Disaster recovery

About disaster recovery methods
- Metro-DR
- Regional-DR
Defining applications for disaster recovery
- Best practices when defining an RHACM-managed VM
- Best practices when defining an RHACM-discovered virtual machine
VM behavior during disaster recovery scenarios
Metro-DR for Red Hat OpenShift Data Foundation

OpenShift Virtualization supports using disaster recovery (DR) solutions to ensure that your environment can recover after a site outage. To use these methods, you must plan your OpenShift Virtualization deployment in advance.

About disaster recovery methods

For an overview of disaster recovery (DR) concepts, architecture, and planning considerations, see the Red Hat OpenShift Virtualization disaster recovery guide in the Red Hat Knowledgebase.

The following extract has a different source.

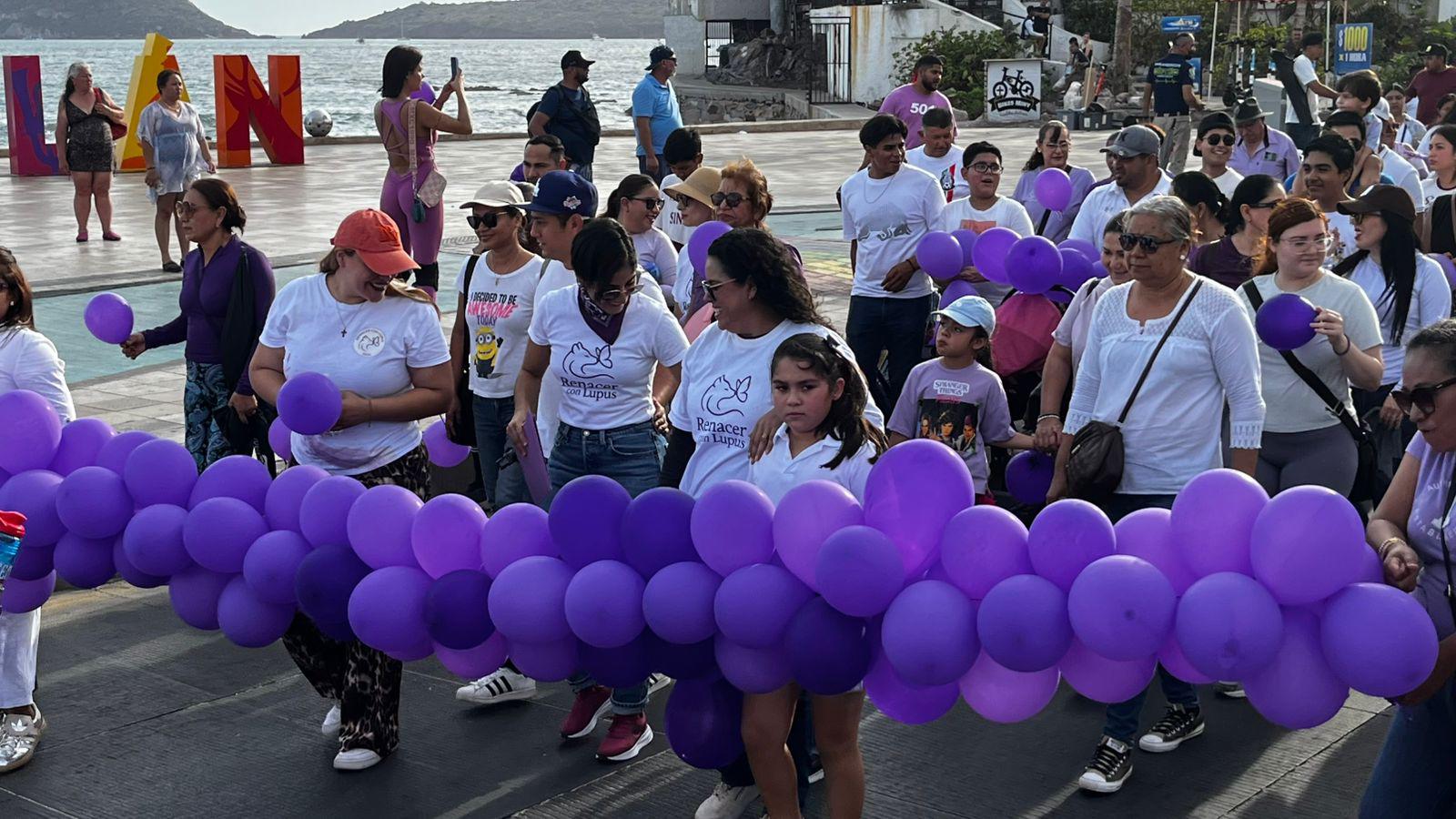 $!Marchan mazatlecos por los derechos de las personas con lupus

The two primary DR methods for OpenShift Virtualization are Metropolitan Disaster Recovery (Metro-DR) and Regional-DR.

Metro-DR

Metro-DR uses synchronous replication. It writes to storage at both the primary and secondary sites so that the data is always synchronized between sites. Because the storage provider is responsible for ensuring that the synchronization succeeds, the environment must meet the throughput and latency requirements of the storage provider.

Regional-DR

Regional-DR uses asynchronous replication. The data in the primary site is synchronized with the secondary site at regular intervals. For this type of replication, you can have a higher latency connection between the primary and secondary sites.

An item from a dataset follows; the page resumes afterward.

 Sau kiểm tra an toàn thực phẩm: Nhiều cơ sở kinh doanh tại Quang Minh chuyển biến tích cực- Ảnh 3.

Regional-DR is a Technology Preview feature only. Technology Preview features are not supported with Red Hat production service level agreements (SLAs) and might not be functionally complete. Red Hat does not recommend using them in production. These features provide early access to upcoming product features, enabling customers to test functionality and provide feedback during the development process.

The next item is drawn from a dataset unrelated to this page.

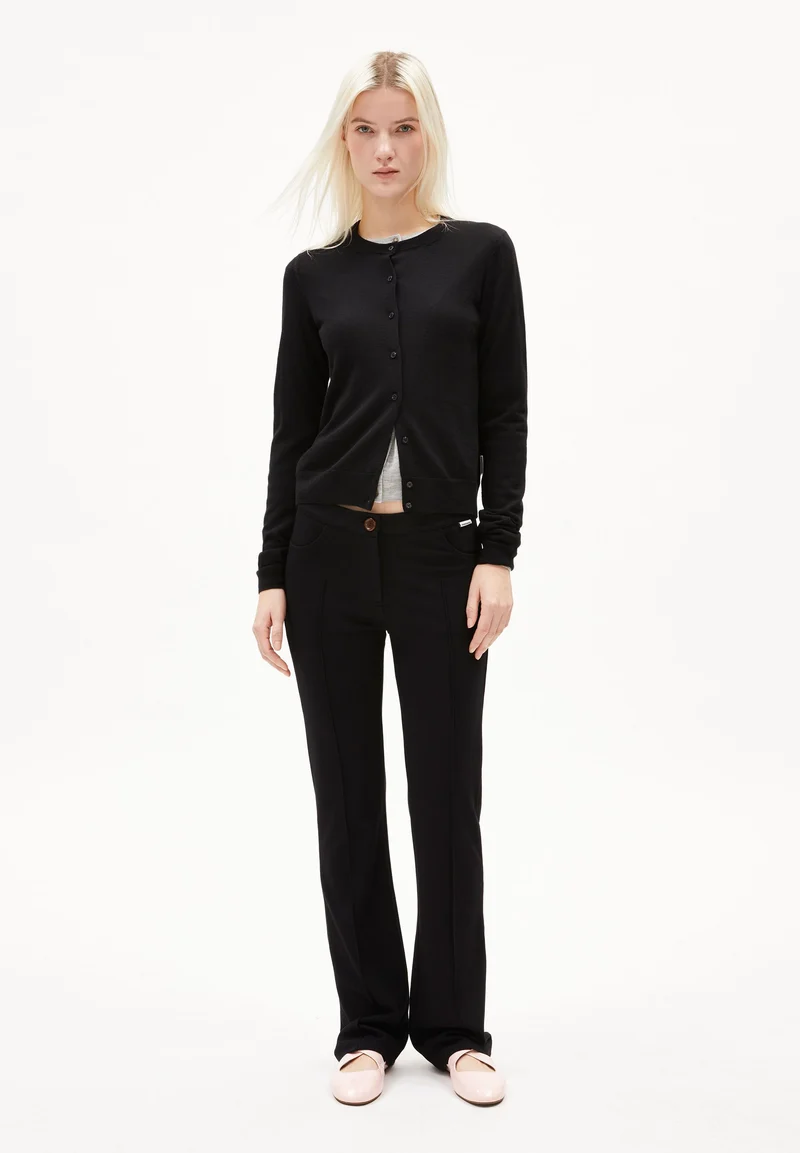 OPHALIAA MERINO STRICKJACKE | black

For more information about the support scope of Red Hat Technology Preview features, see Technology Preview Features Support Scope.

Defining applications for disaster recovery

Define applications for disaster recovery by using VMs that Red Hat Advanced Cluster Management (RHACM) manages or discovers.

Best practices when defining an RHACM-managed VM

An RHACM-managed application that includes a VM must be created by using a GitOps workflow and by creating an RHACM application or ApplicationSet.

There are several actions you can take to improve your experience and chance of success when defining an RHACM-managed VM.

Use a PVC and populator to define storage for the VM

Because data volumes create persistent volume claims (PVCs) implicitly, data volumes and VMs with data volume templates do not fit as neatly into the GitOps model.

Use the import method when choosing a population source for your VM disk

Use the import method to work around limitations in Regional-DR that prevent you from protecting VMs that use cloned PVCs.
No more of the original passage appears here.